It’s why Role-playing is so helpful for children. Role-playing allows them to know what is expected and helps them practice until they feel comfortable doing it. Feeling prepared will increase their confidence and reduce feelings of anxiety or frustration.

We can teach behavior skills on Smarter Parenting, but without Role-playing, they won’t be successful.

In part one of our podcast on Role-playing, Parenting Coaching Siope Kinikini helps parents understand three benefits children will gain when using role-playing.

The first benefit is that they will gain an understanding of social situations and how to respond. They will know the difference in interacting with friends versus interacting with a teacher. 

Second, they will learn what vocabulary to use in different situations. The words we use will be different when talking to our friends’ verses when we speak to a teacher or a boss.

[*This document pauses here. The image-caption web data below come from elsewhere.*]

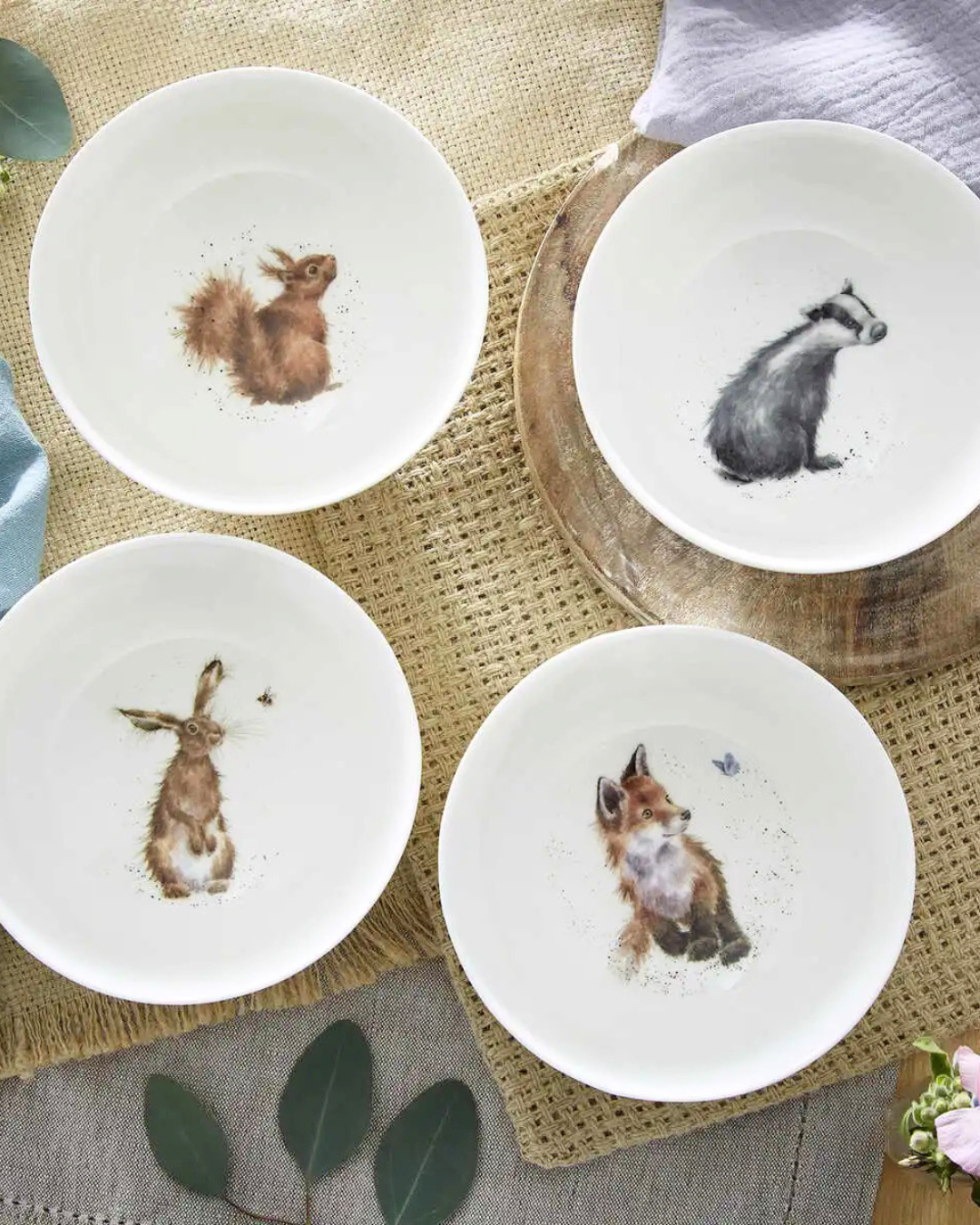 4 verschiedene "Royal Worchester" Schüsseln mit Fuchs, Hase, Eichhörnchen und Dachs Motiv von Wrendale Designs liegen auf einem gedeckten Tisch. 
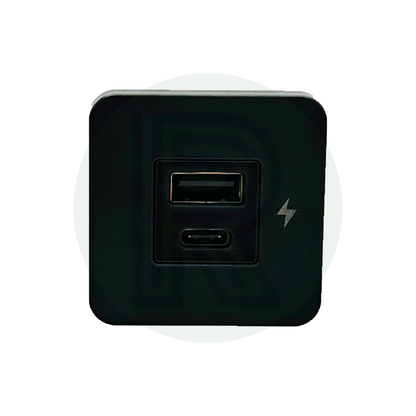 Front view of charging socket with one USB-A port, one USB-C port, and lightning symbol on black panel.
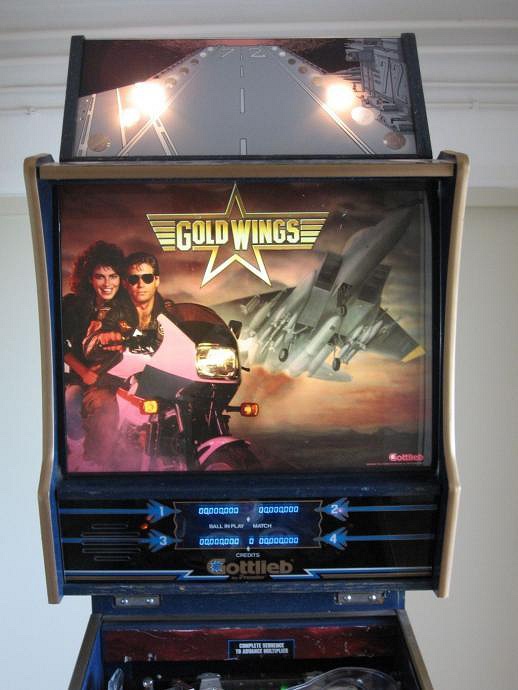 Gold Wings is a pinball machine themed around aviation, featuring a vibrant playfield and engaging gameplay elements typical of mid-80s machines.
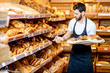 © rh2010 - Handsome baker in uniform putting fresh pastries on the shelves in the supermarket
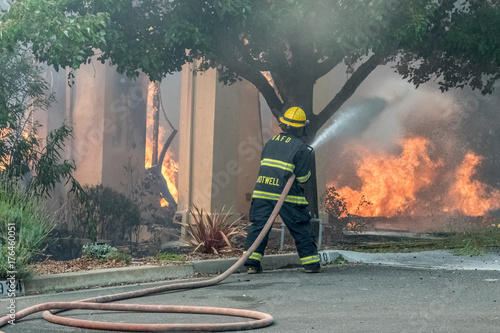 Firefighter defending house on fire. Sonoma County, California, United States, Monday, 9th October, 2017. Devistation throughout county. photo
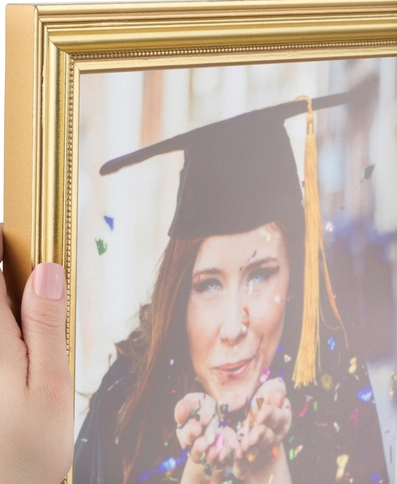 A framed graduation photo of a woman wearing a graduation cap, holding a handful of confetti and smiling.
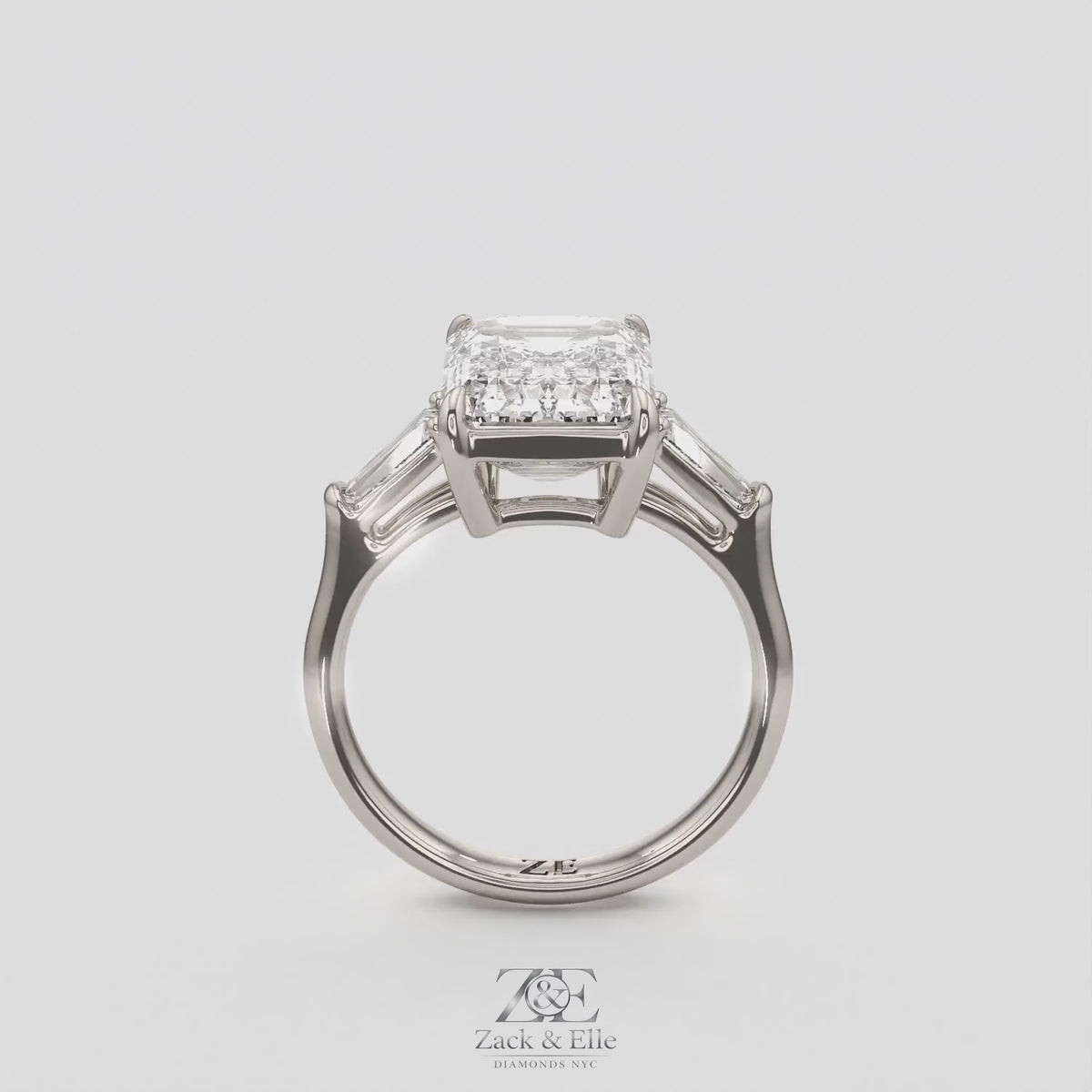 5.60 Ct E VS1 Emerald Cut Lab-Grown Diamond Three Stone Ring with Tapered Baguettes, in white gold, 360 spin
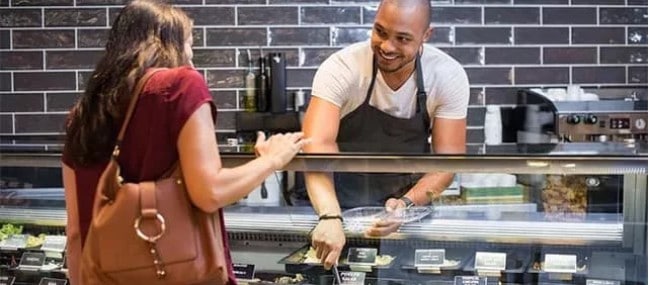 A man scoops food for a woman's deli lunch. Business expansion to another location can help you improve customer service.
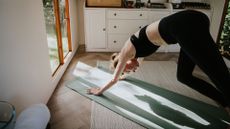 Woman doing Pilates for swimmers in home studio, going into four-point pose on yoga mat with sunlight coming through window
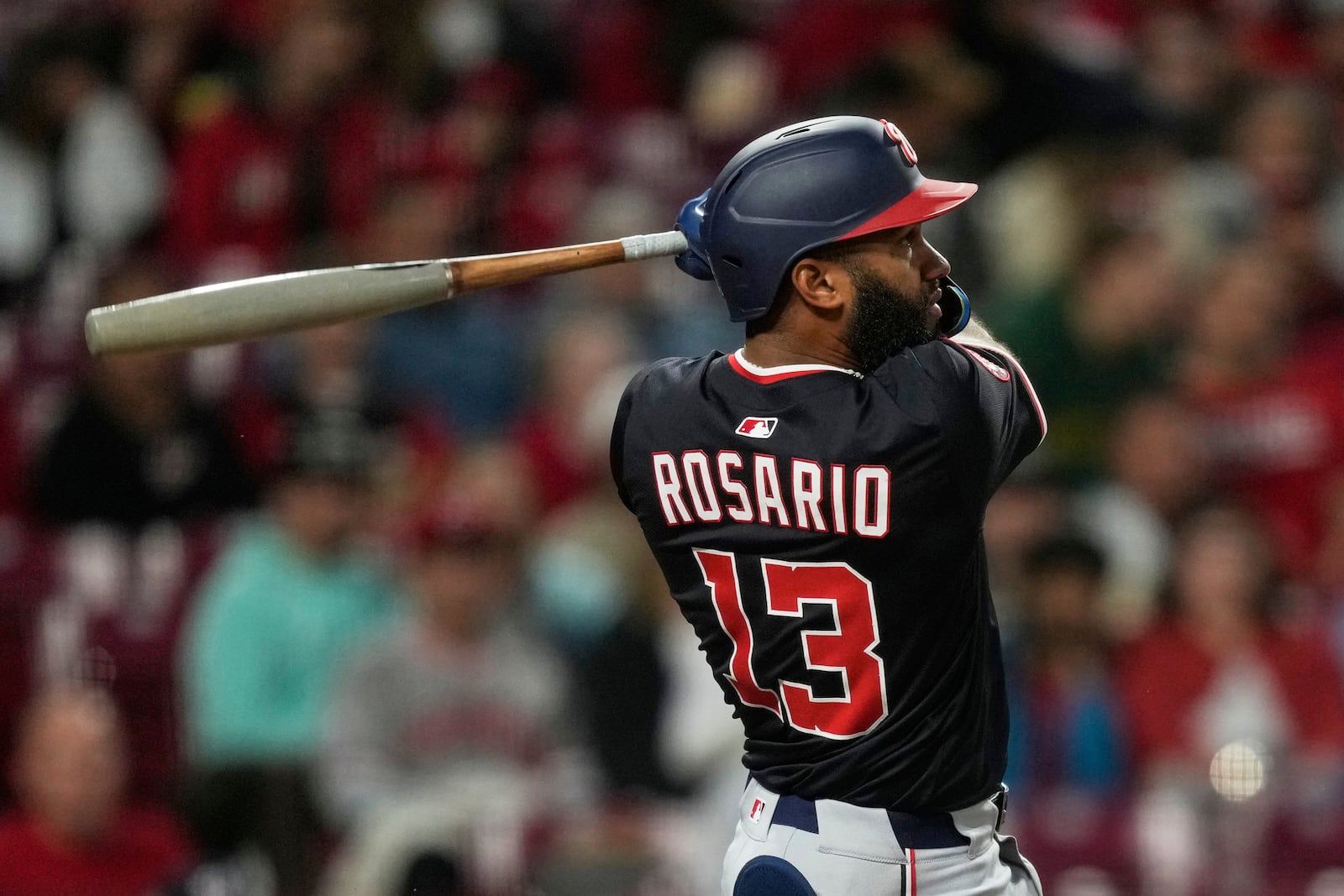 Washington Nationals' Amed Rosario watches his three-run home run in the sixth inning of a baseball game against the Cincinnati Reds, Saturday, May 3, 2025, in Cincinnati. (AP Photo/Carolyn Kaster)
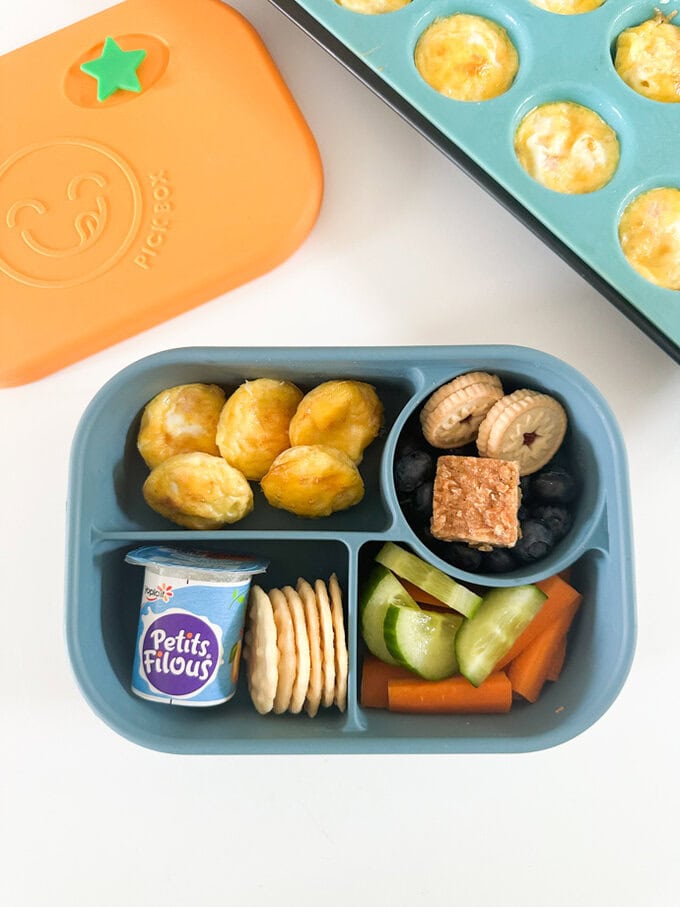 Five Mini egg bites arranged in a child's lunchbox, along with fresh chopped veggies,fruit and sweet treats.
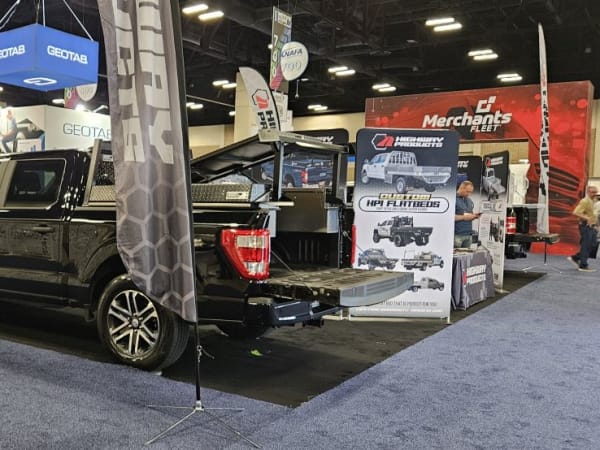 A black pickup truck with Highway Products upfit. 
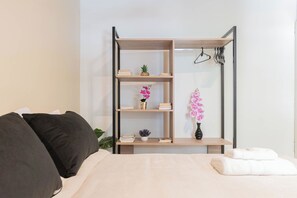 Et soveværelse med en seng, et natbord, en reol med bøger og en lille plante, samt en vægmonteret bøjle med tøj.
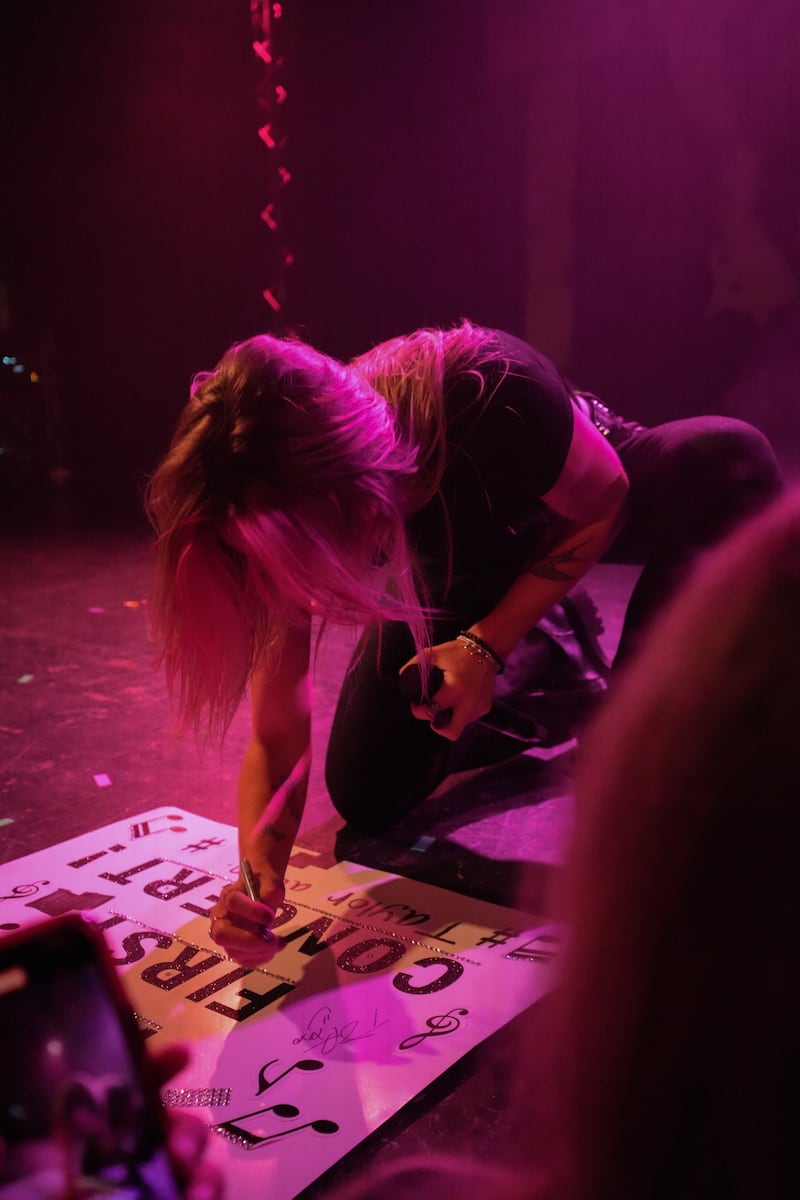 Artist signs poster.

Lastly, it will teach them empathy and understanding. When a child can see things from the other person’s point of view, they are more likely to create solutions that benefit both sides.

Role-playing is so powerful. We can’t wait for your family to use it and harness its power.

Sign up for a free coaching session and let Siope Kinikini walk you through making Role-plays successful.

Episode Transcript

Let Parenting Coach Siope Kinikini show you how to create change in your family. Sign up for a free Parenting Coaching session.

This is episode 91. Let’s begin.

Smarter Parenting welcomes you to our podcast series, The Parenting Coach for ADHD. Here to heal and elevate lives is your Parenting Coach, Siope Kinikini.

Hey, everybody, how’s it going now? Hope everybody’s doing well. I am doing fantastic. In fact, everything is going really great, and today I’m super excited to share the story of Doug and his son, Dylan. Thankful that they are allowing me to use their names, which is great because I think that this is a great story and a great way for you to understand why it’s important for your children to learn how to Role-play, and your responsibility as a parent to help your child learn how to Role-play effectively.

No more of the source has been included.